DATA SECTION
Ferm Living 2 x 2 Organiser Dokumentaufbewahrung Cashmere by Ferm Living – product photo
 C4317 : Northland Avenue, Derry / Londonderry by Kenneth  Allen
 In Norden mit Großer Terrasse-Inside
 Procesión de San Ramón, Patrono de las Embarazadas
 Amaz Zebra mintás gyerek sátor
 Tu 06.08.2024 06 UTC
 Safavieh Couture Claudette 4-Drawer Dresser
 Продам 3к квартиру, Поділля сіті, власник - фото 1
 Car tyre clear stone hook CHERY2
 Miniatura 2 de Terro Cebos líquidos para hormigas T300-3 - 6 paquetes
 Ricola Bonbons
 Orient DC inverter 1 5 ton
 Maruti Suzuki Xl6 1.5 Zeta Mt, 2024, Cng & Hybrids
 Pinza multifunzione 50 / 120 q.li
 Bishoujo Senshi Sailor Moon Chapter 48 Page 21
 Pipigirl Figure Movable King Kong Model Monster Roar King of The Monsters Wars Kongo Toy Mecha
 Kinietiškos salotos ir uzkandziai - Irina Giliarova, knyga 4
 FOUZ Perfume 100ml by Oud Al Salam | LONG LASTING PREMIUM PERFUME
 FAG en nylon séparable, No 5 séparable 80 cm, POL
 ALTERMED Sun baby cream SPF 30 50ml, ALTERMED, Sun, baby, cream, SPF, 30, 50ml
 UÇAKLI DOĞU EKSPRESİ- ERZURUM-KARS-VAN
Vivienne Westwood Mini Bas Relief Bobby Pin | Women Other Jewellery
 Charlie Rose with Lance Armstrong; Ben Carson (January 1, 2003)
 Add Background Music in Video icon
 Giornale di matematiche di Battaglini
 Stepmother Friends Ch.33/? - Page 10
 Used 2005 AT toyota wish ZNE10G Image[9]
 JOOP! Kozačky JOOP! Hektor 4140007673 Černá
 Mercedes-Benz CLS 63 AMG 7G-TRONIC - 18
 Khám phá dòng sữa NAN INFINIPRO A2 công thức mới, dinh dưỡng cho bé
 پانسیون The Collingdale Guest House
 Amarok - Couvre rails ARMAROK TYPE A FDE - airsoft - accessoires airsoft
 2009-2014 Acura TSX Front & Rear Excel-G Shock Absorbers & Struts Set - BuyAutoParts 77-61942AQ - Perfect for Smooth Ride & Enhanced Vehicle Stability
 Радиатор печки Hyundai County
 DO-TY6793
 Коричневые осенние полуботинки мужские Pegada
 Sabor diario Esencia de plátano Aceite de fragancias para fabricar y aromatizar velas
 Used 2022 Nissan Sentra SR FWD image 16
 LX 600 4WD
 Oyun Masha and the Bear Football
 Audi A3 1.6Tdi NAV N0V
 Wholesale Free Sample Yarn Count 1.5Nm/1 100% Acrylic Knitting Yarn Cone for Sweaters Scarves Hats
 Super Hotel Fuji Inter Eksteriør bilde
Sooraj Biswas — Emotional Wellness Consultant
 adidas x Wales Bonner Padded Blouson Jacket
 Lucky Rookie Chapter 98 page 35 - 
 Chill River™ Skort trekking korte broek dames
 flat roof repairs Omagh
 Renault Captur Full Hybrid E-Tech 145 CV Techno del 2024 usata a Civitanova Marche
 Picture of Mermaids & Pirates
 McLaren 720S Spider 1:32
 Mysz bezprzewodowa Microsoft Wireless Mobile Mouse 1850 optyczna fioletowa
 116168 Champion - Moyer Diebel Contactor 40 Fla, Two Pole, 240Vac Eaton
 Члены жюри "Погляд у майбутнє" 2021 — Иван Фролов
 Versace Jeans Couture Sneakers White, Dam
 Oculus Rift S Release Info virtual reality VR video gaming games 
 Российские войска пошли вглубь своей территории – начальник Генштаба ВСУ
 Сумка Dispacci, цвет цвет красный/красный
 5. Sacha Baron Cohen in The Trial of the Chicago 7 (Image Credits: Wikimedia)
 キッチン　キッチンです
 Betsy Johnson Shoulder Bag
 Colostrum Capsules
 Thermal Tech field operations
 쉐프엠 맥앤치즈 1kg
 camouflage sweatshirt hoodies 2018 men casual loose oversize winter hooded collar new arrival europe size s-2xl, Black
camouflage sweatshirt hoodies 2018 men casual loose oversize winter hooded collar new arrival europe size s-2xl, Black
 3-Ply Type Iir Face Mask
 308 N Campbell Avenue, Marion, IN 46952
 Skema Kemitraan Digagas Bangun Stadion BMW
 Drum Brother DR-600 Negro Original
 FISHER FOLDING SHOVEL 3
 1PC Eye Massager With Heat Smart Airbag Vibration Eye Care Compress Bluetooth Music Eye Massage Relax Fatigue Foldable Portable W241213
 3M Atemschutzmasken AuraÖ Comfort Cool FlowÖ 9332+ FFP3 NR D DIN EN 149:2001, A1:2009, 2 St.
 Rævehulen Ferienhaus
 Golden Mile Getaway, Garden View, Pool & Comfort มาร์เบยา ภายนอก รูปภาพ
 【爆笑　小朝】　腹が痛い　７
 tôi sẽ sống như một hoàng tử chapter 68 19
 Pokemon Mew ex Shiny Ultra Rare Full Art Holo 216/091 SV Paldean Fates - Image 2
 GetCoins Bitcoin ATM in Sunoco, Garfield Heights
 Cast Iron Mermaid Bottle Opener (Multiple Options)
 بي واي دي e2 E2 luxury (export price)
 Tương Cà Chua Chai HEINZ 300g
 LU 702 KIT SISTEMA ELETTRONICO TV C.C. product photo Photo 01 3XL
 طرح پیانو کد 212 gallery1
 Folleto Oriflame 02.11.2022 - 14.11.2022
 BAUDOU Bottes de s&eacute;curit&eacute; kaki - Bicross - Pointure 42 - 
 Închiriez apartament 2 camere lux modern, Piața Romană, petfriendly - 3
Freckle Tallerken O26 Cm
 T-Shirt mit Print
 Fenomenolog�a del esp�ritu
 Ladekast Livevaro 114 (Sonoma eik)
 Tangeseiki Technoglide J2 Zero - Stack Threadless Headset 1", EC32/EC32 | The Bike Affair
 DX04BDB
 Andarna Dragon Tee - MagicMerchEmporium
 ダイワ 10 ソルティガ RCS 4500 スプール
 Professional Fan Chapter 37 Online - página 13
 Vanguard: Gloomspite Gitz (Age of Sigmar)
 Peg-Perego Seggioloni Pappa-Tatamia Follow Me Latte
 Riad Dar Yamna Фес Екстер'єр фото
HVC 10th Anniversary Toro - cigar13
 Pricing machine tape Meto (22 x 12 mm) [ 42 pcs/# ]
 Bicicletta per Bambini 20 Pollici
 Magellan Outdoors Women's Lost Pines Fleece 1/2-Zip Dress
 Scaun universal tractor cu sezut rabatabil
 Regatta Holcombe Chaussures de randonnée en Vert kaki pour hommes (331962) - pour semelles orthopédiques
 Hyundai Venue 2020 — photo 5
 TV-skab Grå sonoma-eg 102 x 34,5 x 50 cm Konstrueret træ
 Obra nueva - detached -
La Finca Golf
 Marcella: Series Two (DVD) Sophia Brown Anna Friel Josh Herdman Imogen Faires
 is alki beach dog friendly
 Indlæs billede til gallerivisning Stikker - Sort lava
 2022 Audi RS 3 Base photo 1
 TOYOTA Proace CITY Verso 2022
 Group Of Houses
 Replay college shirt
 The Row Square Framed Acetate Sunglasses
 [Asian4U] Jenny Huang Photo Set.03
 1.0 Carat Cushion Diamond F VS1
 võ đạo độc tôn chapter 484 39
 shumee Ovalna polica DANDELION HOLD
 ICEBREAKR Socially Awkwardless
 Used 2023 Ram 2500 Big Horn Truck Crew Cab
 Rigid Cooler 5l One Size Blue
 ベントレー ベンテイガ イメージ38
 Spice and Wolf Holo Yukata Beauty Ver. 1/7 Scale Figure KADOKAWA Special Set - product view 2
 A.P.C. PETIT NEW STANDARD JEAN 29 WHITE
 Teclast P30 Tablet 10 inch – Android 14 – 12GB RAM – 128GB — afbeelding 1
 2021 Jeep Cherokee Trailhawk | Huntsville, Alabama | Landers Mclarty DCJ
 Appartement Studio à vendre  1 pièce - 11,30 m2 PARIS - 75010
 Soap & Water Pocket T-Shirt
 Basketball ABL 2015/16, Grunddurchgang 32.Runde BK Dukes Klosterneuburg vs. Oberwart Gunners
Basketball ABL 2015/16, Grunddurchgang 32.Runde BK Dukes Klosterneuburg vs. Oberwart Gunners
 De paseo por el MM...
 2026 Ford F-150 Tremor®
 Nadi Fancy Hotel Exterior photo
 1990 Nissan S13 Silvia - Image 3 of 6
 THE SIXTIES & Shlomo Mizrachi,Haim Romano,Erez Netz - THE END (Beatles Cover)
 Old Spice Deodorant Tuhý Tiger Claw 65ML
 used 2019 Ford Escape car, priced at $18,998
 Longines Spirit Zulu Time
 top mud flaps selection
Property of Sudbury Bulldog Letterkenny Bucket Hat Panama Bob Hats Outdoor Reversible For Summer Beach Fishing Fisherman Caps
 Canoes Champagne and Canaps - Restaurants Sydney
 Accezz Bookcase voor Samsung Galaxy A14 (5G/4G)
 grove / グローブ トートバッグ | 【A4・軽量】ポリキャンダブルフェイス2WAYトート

TASK DIRECTIONS
Go through the entries above and report every line in which the word "Klosterneuburg" appears.

SOLUTION BELOW
 Basketball ABL 2015/16, Grunddurchgang 32.Runde BK Dukes Klosterneuburg vs. Oberwart Gunners
Basketball ABL 2015/16, Grunddurchgang 32.Runde BK Dukes Klosterneuburg vs. Oberwart Gunners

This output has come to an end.